***** Available data

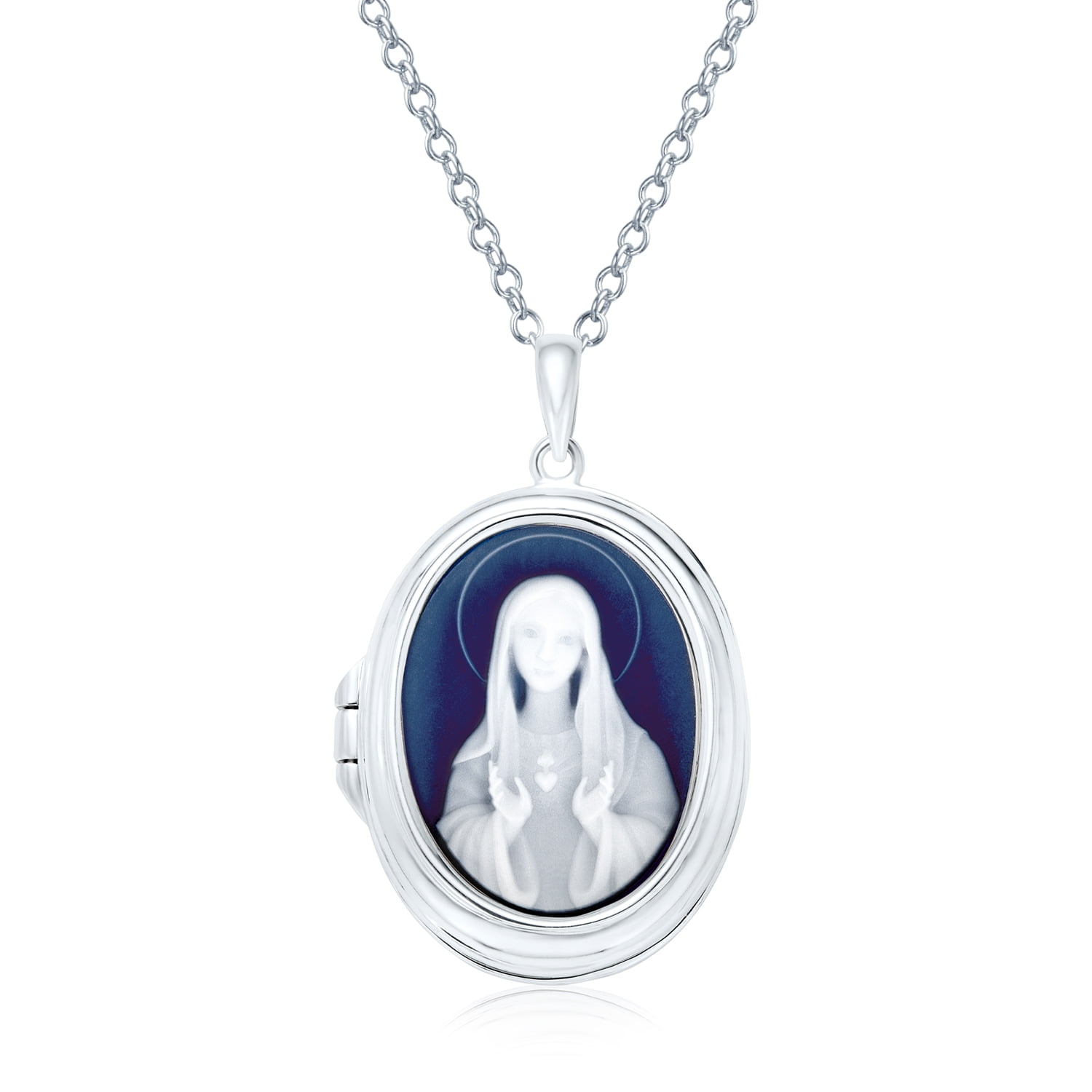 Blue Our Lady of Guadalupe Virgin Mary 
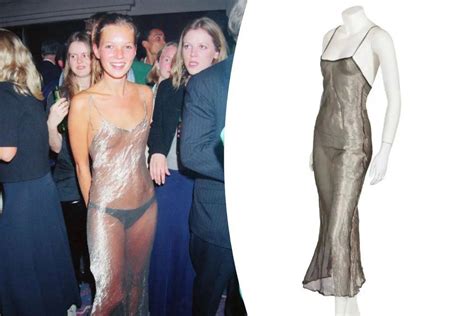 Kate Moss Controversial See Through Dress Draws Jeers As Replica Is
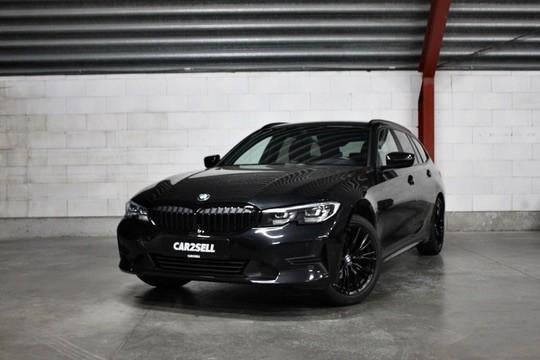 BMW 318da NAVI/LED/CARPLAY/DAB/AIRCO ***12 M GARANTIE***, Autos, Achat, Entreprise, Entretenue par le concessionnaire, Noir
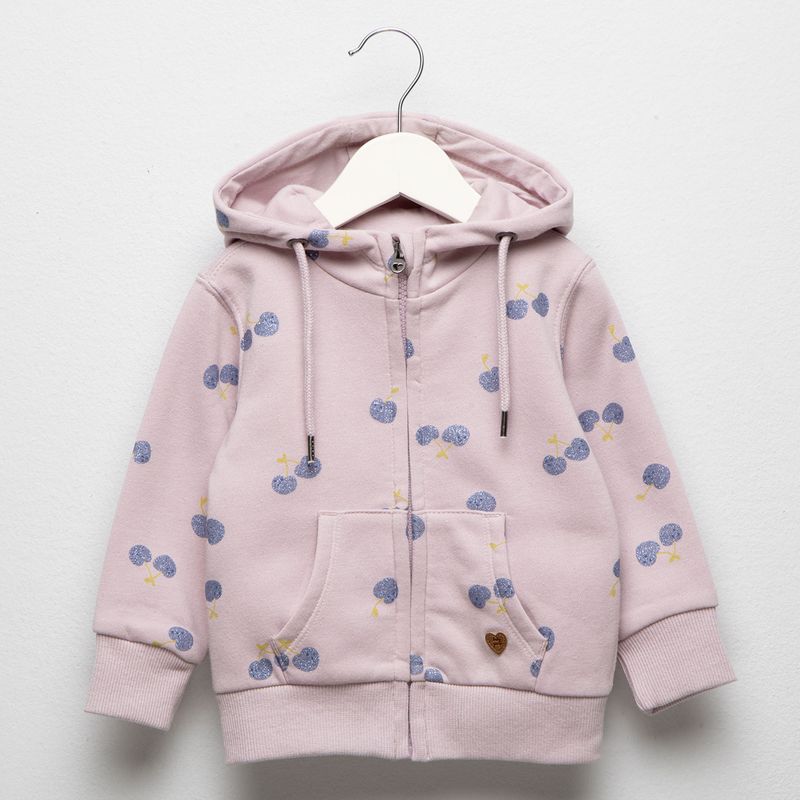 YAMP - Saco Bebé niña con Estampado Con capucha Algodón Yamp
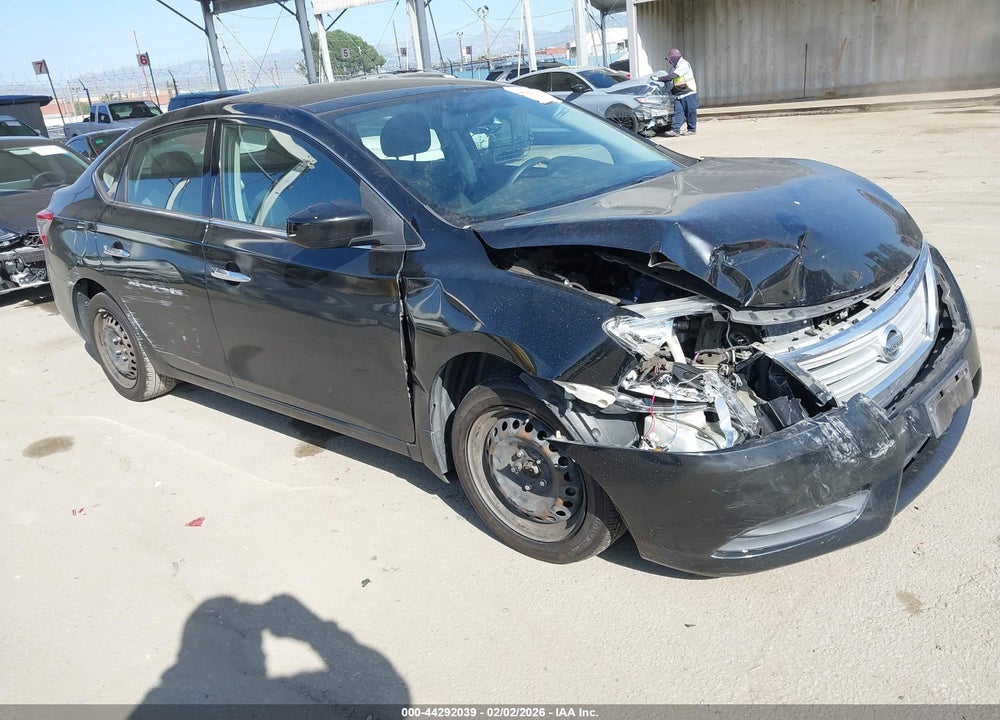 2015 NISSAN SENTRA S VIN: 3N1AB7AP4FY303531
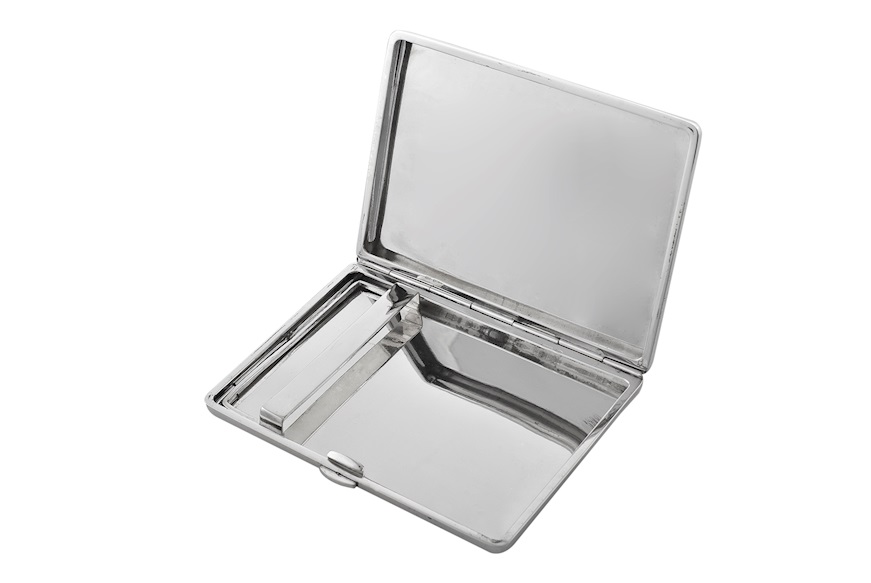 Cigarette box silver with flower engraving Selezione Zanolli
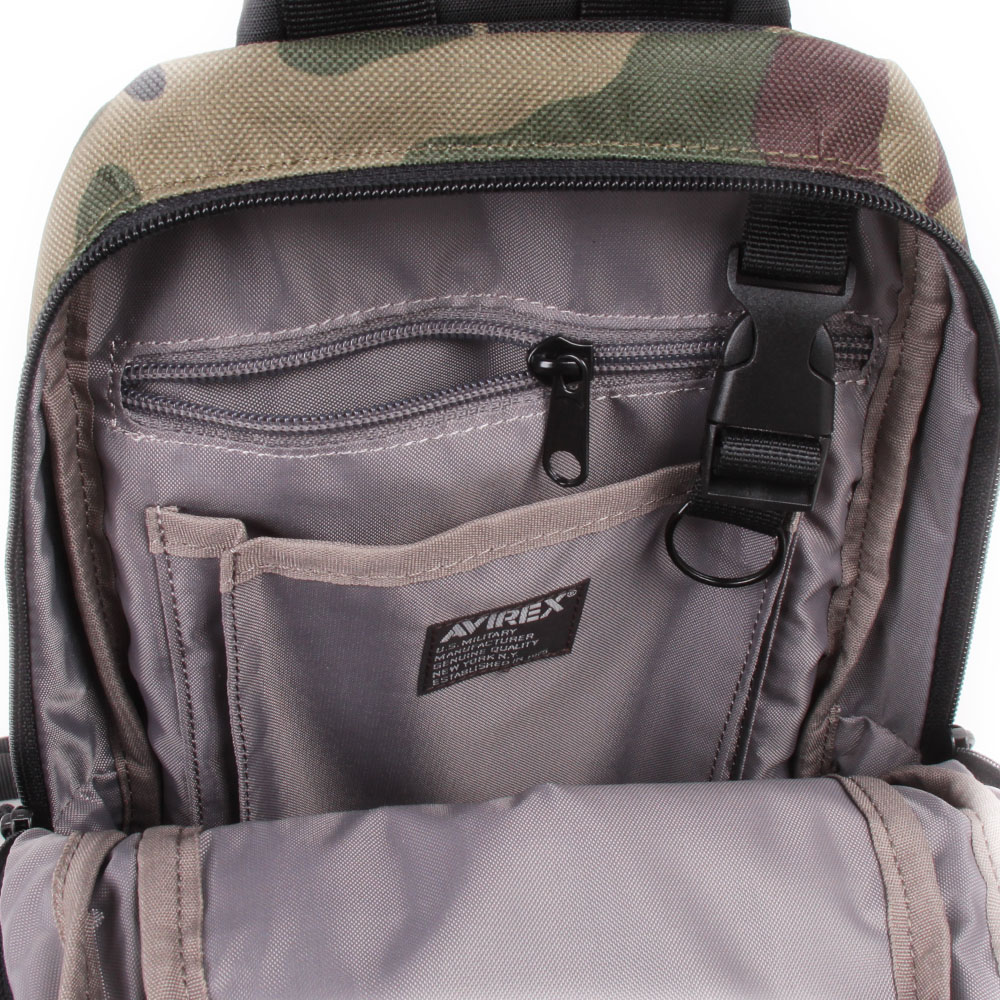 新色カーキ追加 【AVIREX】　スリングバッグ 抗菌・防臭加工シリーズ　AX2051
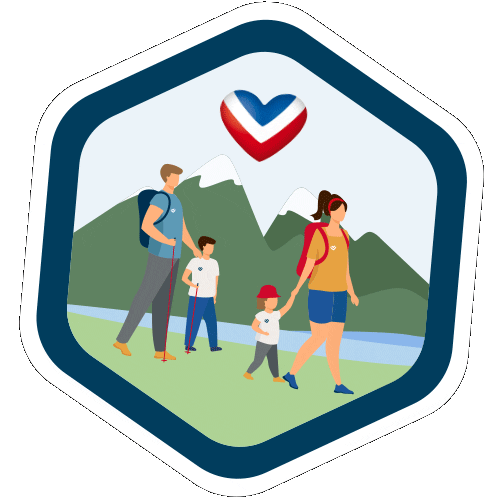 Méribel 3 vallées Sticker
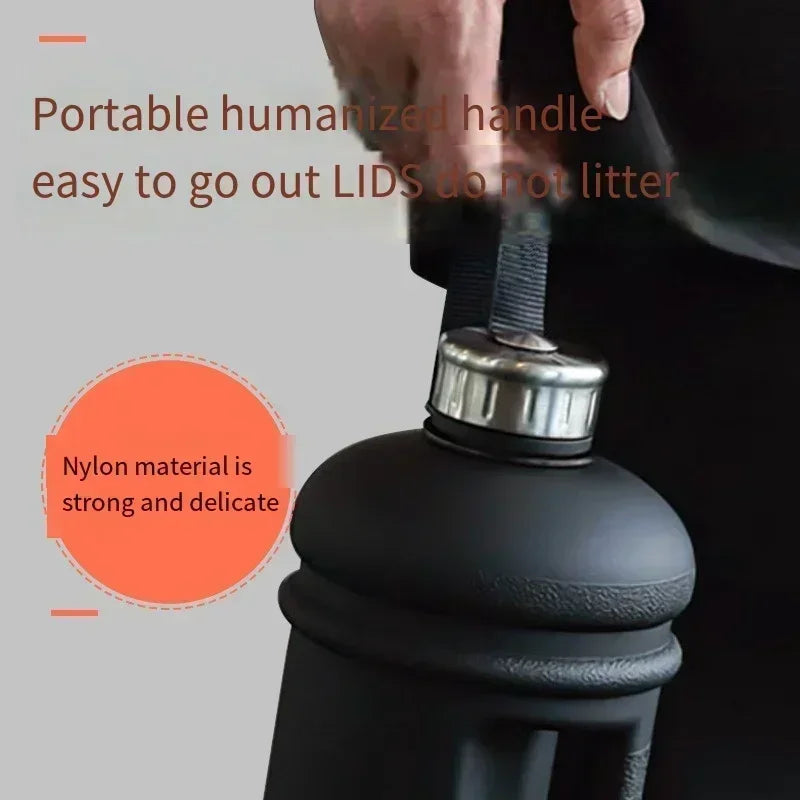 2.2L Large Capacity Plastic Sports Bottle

**********

Exercise directions
Word for word, return the material above, but drop the pictures.

Solved problem
 Blue Our Lady of Guadalupe Virgin Mary 
 Kate Moss Controversial See Through Dress Draws Jeers As Replica Is
 BMW 318da NAVI/LED/CARPLAY/DAB/AIRCO ***12 M GARANTIE***, Autos, Achat, Entreprise, Entretenue par le concessionnaire, Noir
 YAMP - Saco Bebé niña con Estampado Con capucha Algodón Yamp
 2015 NISSAN SENTRA S VIN: 3N1AB7AP4FY303531
 Cigarette box silver with flower engraving Selezione Zanolli
 新色カーキ追加 【AVIREX】　スリングバッグ 抗菌・防臭加工シリーズ　AX2051
 Méribel 3 vallées Sticker
 2.2L Large Capacity Plastic Sports Bottle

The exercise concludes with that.